__Records for the task__.
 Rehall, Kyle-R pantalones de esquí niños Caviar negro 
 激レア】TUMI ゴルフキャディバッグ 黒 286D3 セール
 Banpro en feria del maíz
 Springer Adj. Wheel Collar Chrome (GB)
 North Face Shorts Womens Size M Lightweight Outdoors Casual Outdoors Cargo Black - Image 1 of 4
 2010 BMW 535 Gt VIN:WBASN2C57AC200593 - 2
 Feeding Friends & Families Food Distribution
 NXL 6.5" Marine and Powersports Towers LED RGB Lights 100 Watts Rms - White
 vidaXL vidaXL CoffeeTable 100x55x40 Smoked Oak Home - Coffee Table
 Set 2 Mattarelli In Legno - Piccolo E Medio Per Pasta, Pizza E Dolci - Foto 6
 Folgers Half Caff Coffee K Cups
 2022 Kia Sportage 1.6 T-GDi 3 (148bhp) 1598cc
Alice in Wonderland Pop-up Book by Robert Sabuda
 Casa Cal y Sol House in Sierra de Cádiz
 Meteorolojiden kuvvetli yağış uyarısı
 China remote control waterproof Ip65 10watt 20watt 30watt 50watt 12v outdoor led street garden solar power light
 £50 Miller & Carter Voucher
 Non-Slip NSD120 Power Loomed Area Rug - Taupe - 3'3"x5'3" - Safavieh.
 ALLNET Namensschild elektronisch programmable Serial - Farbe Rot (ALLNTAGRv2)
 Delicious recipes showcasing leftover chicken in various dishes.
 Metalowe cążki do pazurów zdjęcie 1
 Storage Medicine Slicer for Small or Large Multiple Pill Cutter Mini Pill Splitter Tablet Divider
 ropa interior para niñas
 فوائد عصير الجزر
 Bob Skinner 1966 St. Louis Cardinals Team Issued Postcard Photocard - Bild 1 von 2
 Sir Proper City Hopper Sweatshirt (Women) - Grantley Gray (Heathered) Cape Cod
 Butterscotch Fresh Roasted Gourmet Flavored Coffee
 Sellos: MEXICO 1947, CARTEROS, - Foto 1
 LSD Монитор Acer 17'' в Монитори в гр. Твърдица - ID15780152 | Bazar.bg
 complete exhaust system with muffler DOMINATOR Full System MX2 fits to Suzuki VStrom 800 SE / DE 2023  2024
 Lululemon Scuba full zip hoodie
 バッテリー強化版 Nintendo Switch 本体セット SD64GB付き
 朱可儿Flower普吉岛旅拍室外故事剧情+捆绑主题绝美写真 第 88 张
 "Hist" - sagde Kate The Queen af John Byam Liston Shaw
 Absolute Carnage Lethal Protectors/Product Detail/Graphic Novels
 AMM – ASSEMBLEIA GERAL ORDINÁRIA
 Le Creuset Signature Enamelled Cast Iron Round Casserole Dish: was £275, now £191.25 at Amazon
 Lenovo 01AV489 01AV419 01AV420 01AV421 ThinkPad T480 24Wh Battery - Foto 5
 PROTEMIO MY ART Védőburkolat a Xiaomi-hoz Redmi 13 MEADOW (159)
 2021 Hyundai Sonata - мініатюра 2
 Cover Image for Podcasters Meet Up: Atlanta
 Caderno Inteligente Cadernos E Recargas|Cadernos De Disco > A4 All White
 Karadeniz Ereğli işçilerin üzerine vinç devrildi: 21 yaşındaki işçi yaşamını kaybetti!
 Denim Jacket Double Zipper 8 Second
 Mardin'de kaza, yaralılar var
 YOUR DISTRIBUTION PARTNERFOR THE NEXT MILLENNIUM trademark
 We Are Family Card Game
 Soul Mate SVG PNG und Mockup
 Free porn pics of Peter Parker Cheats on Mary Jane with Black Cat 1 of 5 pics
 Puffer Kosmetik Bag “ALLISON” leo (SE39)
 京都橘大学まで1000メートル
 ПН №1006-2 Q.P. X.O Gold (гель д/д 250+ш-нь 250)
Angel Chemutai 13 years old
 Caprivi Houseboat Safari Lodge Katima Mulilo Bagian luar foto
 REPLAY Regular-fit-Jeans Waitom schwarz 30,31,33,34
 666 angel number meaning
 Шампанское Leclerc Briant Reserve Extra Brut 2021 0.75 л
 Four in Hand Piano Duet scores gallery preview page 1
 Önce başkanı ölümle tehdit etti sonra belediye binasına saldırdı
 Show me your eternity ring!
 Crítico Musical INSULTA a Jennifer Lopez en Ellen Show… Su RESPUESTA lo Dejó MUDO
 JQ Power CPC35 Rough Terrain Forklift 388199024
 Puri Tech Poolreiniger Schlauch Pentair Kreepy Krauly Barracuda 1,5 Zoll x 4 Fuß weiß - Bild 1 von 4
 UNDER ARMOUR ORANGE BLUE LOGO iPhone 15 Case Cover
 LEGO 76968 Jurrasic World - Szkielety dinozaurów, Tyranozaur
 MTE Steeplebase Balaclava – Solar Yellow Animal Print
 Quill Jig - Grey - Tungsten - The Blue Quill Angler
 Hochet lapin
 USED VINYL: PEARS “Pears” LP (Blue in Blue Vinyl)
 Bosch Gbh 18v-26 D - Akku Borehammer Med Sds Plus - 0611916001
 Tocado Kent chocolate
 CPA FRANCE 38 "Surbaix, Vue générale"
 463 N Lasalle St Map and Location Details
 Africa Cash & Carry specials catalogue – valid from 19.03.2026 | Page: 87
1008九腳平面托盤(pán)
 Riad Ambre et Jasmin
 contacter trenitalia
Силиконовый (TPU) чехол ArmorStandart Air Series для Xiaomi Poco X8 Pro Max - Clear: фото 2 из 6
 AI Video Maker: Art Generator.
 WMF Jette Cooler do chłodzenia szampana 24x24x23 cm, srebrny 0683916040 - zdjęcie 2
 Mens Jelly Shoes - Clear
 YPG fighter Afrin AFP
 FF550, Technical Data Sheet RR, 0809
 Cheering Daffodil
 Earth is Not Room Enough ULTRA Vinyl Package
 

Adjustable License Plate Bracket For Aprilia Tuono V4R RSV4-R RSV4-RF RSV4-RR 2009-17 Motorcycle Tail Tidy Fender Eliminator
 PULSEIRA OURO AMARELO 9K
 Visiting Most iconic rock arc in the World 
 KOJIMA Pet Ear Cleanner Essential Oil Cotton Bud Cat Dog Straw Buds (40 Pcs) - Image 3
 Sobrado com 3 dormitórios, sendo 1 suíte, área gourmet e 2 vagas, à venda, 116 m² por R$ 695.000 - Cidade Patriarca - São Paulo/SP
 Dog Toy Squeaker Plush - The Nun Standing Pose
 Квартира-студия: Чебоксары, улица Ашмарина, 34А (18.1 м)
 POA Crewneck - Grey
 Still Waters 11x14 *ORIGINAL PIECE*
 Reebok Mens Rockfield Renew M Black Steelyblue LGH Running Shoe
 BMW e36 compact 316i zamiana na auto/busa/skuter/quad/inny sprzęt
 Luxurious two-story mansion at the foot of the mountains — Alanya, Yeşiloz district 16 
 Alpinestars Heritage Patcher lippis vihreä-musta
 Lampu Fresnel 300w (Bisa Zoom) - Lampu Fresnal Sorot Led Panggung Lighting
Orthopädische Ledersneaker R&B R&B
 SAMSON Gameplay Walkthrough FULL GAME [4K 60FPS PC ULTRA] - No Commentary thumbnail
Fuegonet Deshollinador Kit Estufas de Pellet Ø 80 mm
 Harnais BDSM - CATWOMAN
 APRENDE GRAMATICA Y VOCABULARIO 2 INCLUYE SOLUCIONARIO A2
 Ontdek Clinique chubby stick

__What to do__. What you give back must match the material exactly, beginning with its first line and ending with the line holding "Storage Medicine Slicer".

__Response to the task__.
 Rehall, Kyle-R pantalones de esquí niños Caviar negro 
 激レア】TUMI ゴルフキャディバッグ 黒 286D3 セール
 Banpro en feria del maíz
 Springer Adj. Wheel Collar Chrome (GB)
 North Face Shorts Womens Size M Lightweight Outdoors Casual Outdoors Cargo Black - Image 1 of 4
 2010 BMW 535 Gt VIN:WBASN2C57AC200593 - 2
 Feeding Friends & Families Food Distribution
 NXL 6.5" Marine and Powersports Towers LED RGB Lights 100 Watts Rms - White
 vidaXL vidaXL CoffeeTable 100x55x40 Smoked Oak Home - Coffee Table
 Set 2 Mattarelli In Legno - Piccolo E Medio Per Pasta, Pizza E Dolci - Foto 6
 Folgers Half Caff Coffee K Cups
 2022 Kia Sportage 1.6 T-GDi 3 (148bhp) 1598cc
Alice in Wonderland Pop-up Book by Robert Sabuda
 Casa Cal y Sol House in Sierra de Cádiz
 Meteorolojiden kuvvetli yağış uyarısı
 China remote control waterproof Ip65 10watt 20watt 30watt 50watt 12v outdoor led street garden solar power light
 £50 Miller & Carter Voucher
 Non-Slip NSD120 Power Loomed Area Rug - Taupe - 3'3"x5'3" - Safavieh.
 ALLNET Namensschild elektronisch programmable Serial - Farbe Rot (ALLNTAGRv2)
 Delicious recipes showcasing leftover chicken in various dishes.
 Metalowe cążki do pazurów zdjęcie 1
 Storage Medicine Slicer for Small or Large Multiple Pill Cutter Mini Pill Splitter Tablet Divider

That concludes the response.